Where does the matching condition for $U(1)$ subgroups come from in unified models? The matching conditions for a breaking $G \rightarrow \prod_i G_i$ are
$$\omega_G-\frac{C_2(G)(\mu)}{12 \pi}=\omega_{G_i}-\frac{C_2(G_i)(\mu)}{12 \pi} ,$$
where $C_2(g)$ denotes the quadratic Casimir invariant for the adjoint representation of the group $g$. (See, for example, Eq. 7 in  Implications of the CERN LEP results for SO(10) grand unification )

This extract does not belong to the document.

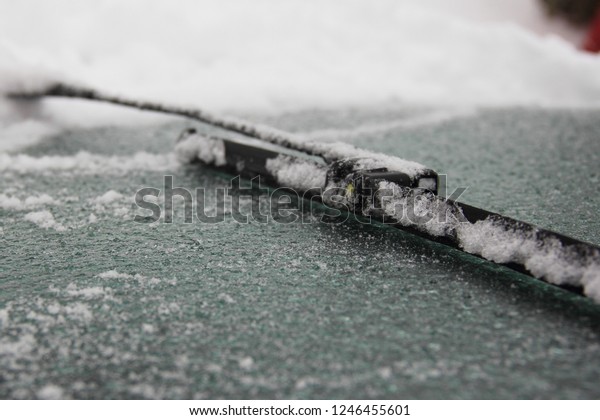 Wiper blade clean the\
icy windshield of the car from snow, top view close up - winter,\
snowstorm, icing vehicle after snowfall, safety winter driving,\
preparation for the trip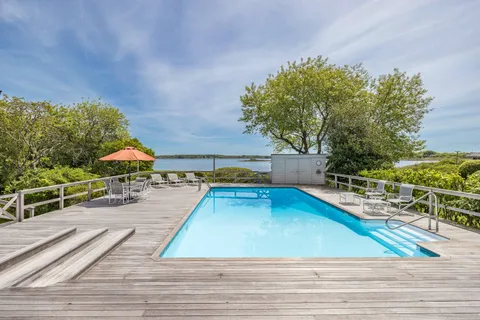 a view of a swimming pool with a patio and a yard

However, for example, for the braking chain $SU(4) \times SU(2)_L \times  SU(2)_R \rightarrow SU(3_C) \times   SU(2)_L \times U(1)_Y$ we have the matching condition
$$ \omega_{U(1)_Y}  =  \frac{3}{5}\left( \omega_{SU(2)_R} - \frac{2}{12\pi}  \right) + \frac{2}{5}\left( \omega_{SU(4)_C} - \frac{4}{12\pi}  \right)$$
(See, for example, Eq. 8 in  Implications of the CERN LEP results for SO(10) grand unification )
Where does this matching condition for $U(1)$ subgroups come from?
 A: It results from the combination of two facts: $i$) the embedding of $U(1)_Y$ into $SU(2)_R \times U(1)_{B-L}$, and $ii$) the normalization of the $U(1)$ charges.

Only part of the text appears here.